- THE TASK
Exact reproduction required: the lines below from the line with "奧地利觀光勝地滑雪場驚傳雪崩！10人遭活埋「仍有2失蹤」" to the line with "LOUIS VUITTON LV", both ends included, and no others.

- EXERCISE INPUTS
=== Begin Enclosure ===
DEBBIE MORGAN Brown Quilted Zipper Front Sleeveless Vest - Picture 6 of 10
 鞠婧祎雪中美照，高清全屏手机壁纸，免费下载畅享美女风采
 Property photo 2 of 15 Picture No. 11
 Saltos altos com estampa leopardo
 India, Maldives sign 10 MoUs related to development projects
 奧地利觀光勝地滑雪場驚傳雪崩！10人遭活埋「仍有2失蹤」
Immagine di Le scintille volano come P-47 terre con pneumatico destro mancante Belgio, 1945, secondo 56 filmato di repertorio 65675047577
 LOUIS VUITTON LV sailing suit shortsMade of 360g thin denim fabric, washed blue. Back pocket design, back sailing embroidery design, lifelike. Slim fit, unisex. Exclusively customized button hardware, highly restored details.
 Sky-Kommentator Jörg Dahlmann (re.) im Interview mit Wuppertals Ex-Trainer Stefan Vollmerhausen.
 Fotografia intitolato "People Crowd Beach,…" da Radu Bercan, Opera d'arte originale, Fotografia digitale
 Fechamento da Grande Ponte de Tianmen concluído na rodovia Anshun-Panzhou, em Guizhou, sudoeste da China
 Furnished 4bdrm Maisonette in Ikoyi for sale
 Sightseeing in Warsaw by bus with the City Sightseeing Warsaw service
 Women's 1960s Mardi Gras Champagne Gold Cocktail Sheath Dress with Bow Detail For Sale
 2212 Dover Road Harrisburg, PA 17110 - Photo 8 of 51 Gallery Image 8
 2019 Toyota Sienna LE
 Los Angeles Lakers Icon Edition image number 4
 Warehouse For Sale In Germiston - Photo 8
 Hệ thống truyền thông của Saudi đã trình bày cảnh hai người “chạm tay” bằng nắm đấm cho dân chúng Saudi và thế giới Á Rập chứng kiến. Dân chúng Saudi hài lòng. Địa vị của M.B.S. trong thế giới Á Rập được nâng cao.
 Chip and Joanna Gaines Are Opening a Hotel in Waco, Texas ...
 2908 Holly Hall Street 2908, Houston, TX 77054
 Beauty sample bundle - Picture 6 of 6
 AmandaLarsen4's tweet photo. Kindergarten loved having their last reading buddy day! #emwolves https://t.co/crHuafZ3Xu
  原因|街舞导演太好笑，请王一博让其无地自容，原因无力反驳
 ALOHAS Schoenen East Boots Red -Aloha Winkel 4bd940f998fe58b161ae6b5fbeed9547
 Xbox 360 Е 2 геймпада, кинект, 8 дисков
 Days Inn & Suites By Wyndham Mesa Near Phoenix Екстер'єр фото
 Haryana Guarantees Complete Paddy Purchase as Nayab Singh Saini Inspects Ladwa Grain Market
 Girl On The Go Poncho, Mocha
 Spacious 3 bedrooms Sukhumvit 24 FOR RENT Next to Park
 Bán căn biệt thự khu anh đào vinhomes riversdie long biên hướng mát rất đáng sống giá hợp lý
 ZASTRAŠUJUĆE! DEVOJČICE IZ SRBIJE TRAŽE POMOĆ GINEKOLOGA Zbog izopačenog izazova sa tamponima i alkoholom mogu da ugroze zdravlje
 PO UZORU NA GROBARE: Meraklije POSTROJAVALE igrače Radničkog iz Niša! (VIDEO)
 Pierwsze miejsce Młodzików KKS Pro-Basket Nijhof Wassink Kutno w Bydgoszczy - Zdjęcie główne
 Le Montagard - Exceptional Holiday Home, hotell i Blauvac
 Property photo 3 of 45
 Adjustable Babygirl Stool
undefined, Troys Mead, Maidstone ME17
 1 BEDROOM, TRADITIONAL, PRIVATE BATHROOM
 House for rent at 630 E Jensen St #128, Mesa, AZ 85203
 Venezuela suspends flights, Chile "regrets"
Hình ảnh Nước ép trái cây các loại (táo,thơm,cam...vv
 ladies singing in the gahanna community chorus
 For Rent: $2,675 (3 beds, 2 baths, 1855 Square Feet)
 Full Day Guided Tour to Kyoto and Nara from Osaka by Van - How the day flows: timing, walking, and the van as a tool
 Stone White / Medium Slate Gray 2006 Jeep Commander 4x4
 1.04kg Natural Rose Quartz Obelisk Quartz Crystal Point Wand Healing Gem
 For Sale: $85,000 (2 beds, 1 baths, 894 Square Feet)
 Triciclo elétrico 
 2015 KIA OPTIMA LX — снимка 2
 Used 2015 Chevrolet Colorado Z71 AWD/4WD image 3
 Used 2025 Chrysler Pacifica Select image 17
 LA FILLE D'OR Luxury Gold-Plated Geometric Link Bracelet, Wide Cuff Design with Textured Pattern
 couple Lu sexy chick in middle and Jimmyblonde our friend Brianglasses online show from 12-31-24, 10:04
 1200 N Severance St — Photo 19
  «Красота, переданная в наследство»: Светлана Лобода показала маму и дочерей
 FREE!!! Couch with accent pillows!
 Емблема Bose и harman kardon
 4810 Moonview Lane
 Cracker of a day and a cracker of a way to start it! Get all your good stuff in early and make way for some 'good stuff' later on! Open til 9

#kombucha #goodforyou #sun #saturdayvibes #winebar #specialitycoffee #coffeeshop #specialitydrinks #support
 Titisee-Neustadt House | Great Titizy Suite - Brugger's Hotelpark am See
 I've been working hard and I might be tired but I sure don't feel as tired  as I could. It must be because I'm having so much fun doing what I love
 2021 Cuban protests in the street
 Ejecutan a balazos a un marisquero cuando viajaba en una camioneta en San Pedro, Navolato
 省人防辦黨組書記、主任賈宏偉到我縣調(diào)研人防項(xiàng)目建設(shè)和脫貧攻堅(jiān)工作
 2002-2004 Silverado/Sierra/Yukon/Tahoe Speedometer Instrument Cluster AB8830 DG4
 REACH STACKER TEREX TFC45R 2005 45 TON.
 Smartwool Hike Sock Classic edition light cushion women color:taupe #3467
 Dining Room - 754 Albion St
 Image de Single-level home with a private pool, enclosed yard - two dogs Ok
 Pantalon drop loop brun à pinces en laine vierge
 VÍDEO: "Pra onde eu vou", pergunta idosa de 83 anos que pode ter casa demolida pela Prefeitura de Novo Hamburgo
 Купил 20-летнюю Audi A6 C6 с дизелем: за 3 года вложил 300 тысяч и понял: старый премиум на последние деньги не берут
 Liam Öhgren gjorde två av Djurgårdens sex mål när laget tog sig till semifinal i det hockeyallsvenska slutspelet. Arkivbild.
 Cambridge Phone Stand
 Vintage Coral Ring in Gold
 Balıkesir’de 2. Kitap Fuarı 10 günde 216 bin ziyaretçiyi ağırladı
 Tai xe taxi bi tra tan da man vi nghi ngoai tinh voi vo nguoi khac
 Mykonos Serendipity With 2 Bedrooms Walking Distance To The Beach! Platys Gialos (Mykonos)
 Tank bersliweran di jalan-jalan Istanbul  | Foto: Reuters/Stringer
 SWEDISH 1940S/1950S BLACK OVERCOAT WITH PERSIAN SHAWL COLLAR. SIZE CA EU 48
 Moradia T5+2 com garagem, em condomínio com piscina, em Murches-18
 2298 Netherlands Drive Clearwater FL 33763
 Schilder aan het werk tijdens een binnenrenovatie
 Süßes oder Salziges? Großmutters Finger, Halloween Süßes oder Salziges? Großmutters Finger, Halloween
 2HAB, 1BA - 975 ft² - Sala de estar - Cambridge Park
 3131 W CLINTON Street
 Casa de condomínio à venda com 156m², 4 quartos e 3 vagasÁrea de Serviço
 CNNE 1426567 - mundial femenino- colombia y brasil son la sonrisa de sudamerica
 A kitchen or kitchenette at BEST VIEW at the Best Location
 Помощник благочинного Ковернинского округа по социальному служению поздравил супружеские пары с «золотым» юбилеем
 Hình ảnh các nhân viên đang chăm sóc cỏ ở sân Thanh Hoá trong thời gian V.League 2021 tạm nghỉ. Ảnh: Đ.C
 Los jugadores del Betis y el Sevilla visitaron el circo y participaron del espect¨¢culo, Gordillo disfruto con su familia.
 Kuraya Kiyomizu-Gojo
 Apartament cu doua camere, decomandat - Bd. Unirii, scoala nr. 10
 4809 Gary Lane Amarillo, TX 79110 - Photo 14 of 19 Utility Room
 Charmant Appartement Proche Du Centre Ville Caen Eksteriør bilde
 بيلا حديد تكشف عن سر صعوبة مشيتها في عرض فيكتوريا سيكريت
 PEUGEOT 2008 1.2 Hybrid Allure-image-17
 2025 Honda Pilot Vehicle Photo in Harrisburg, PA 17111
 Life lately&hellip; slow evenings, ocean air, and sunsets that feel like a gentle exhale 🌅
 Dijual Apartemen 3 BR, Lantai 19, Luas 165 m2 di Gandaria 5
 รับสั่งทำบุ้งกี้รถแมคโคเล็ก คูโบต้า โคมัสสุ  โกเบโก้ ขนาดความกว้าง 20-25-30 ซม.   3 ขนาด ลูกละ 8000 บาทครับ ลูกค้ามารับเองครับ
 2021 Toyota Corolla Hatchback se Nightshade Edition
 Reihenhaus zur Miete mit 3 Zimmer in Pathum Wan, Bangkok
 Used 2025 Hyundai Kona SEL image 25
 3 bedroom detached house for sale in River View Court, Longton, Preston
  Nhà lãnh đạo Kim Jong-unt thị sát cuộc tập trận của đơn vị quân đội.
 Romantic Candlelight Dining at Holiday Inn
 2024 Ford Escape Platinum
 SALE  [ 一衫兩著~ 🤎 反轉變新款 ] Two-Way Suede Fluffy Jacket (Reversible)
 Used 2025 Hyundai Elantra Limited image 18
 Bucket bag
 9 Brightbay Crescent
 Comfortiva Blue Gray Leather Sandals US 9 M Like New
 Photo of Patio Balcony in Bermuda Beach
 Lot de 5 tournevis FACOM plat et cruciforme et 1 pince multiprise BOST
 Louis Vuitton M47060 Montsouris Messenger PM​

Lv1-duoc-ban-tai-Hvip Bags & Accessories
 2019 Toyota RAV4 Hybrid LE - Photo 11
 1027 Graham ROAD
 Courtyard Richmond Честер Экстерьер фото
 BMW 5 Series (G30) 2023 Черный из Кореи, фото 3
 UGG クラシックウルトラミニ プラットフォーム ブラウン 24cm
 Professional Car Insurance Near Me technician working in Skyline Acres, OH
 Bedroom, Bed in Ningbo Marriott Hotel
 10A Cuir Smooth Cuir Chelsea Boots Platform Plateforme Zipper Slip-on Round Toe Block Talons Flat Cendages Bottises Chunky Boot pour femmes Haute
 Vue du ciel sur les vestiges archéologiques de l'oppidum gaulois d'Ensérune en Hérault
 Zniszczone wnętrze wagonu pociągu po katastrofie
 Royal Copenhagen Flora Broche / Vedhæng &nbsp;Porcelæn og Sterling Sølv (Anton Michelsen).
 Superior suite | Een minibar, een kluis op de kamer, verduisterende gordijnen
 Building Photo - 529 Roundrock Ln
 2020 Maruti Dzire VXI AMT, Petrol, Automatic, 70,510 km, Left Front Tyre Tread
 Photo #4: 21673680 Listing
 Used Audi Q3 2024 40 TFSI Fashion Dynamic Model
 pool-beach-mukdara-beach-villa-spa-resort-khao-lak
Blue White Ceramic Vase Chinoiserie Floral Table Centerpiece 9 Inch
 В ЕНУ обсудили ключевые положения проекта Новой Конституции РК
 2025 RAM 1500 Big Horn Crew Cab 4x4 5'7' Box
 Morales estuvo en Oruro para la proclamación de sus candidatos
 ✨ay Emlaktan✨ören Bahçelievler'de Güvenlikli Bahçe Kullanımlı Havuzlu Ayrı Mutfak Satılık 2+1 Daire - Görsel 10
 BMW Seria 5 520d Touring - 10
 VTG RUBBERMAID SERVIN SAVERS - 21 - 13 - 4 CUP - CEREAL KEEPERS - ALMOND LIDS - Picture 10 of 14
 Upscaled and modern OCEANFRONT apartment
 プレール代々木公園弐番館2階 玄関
=== End Enclosure ===
- RESULT FOR THIS TASK
 奧地利觀光勝地滑雪場驚傳雪崩！10人遭活埋「仍有2失蹤」
Immagine di Le scintille volano come P-47 terre con pneumatico destro mancante Belgio, 1945, secondo 56 filmato di repertorio 65675047577
 LOUIS VUITTON LV sailing suit shortsMade of 360g thin denim fabric, washed blue. Back pocket design, back sailing embroidery design, lifelike. Slim fit, unisex. Exclusively customized button hardware, highly restored details.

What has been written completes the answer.